This study has been terminated.
Information provided by (Responsible Party):
Gilead Sciences Identifier:
First received: April 8, 2009
Last updated: May 5, 2014
Last verified: May 2014
Ambrisentan is an endothelin receptor antagonist used for the treatment of pulmonary hypertension (PH). Based on research suggesting a role for endothelin-1 in the pathogenesis of idiopathic pulmonary fibrosis (IPF) and the poor prognosis for patients with IPF who are also diagnosed with PH, this study was designed to evaluate the effectiveness and safety of ambrisentan in that patient population.

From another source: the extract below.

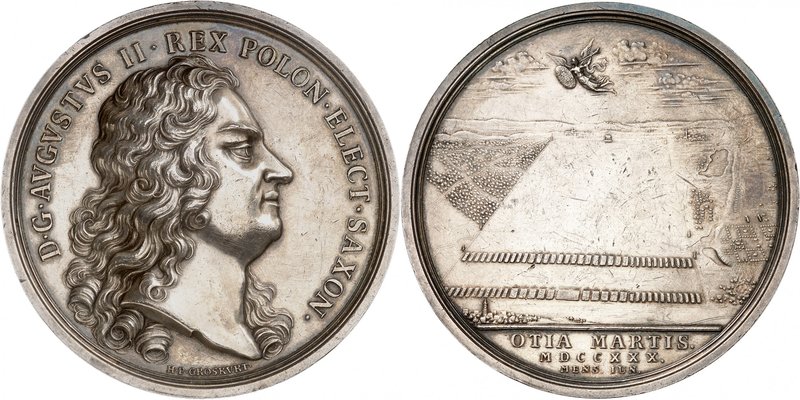 Auguste II, 1694-1733. 
Médaille en argent commémorant le camp de Mühlberg en 1...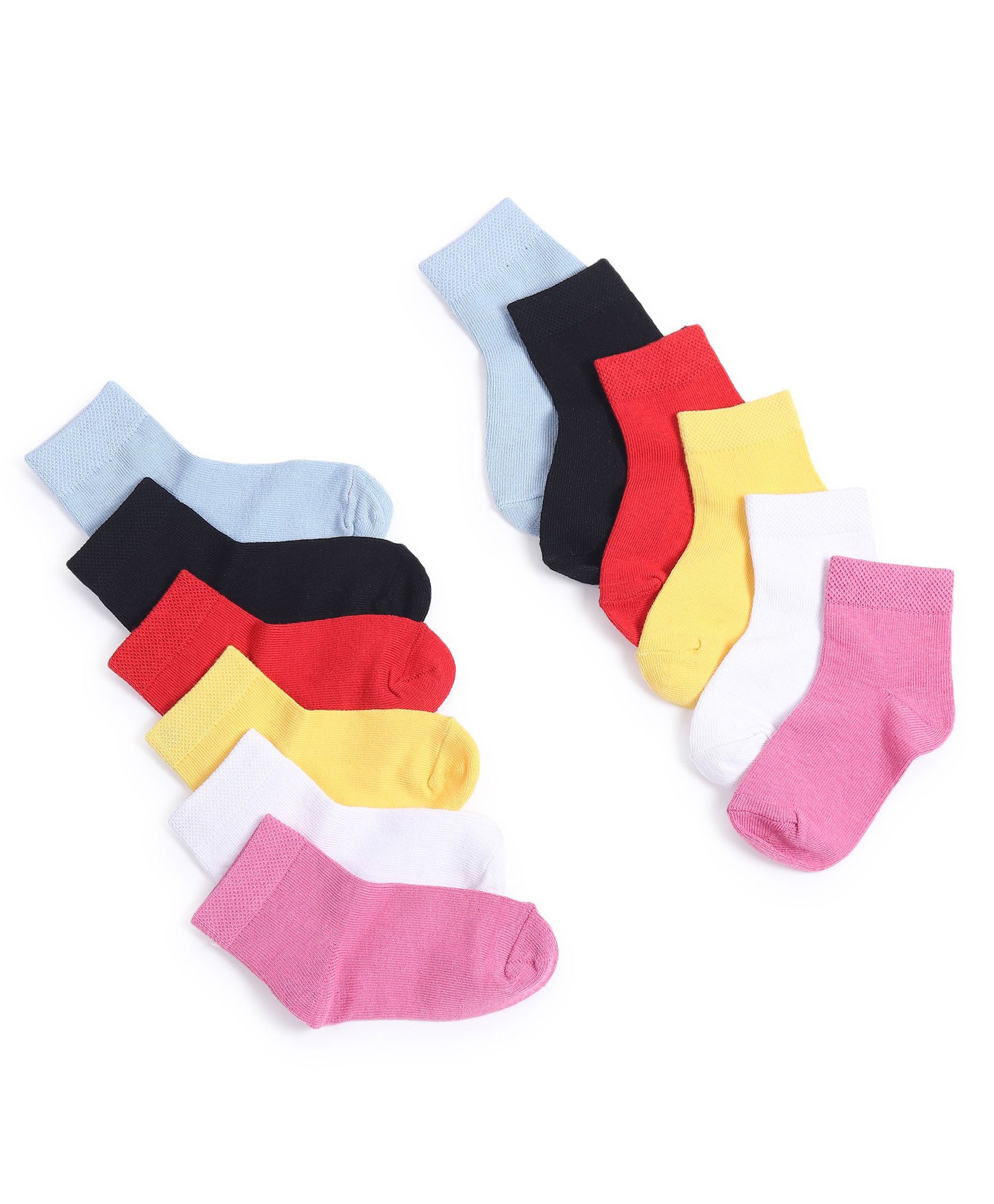 Tipy Tipy Tap Cotton Pack Of 6 Solid Socks - Multi Colour-picture-26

Condition Intervention Phase
Idiopathic Pulmonary Fibrosis
Pulmonary Hypertension
Drug: Ambrisentan
Drug: Placebo
Phase 3

Study Type: Interventional
Study Design: Allocation: Randomized
Intervention Model: Parallel Assignment
Masking: Double Blind (Participant, Care Provider, Investigator, Outcomes Assessor)
Primary Purpose: Treatment
Official Title: A Phase 3, Randomized, Double-Blind, Placebo-Controlled, Multi-Center, Parallel-Group Study to Evaluate the Efficacy and Safety of Ambrisentan in Subjects With Idiopathic Pulmonary Fibrosis and Pulmonary Hypertension

Resource links provided by NLM:

Further study details as provided by Gilead Sciences:

Primary Outcome Measures:
  • Change From Baseline in Six-minute Walk Distance (6MWD). [ Time Frame: Baseline to Week 16 ]
    The change from baseline in 6MWD at Week 16 (end of blinded treatment) was evaluated.

Secondary Outcome Measures:
  • Long-term Survival [ Time Frame: Week 48 ]
    Long-term survival was assessed as a Kaplan-Meier (KM) estimate of the percent probability of survival, with censoring at Week 48.

  • Transition Dyspnea Index (TDI) [ Time Frame: Baseline to Week 16 ]
    The change in TDI at Week 16 (end of blinded treatment) was evaluated. TDI measures the change from the baseline characteristic "Baseline Dyspnea Index." The TDI range is -9 to +9 (worst to best; 0 = no change).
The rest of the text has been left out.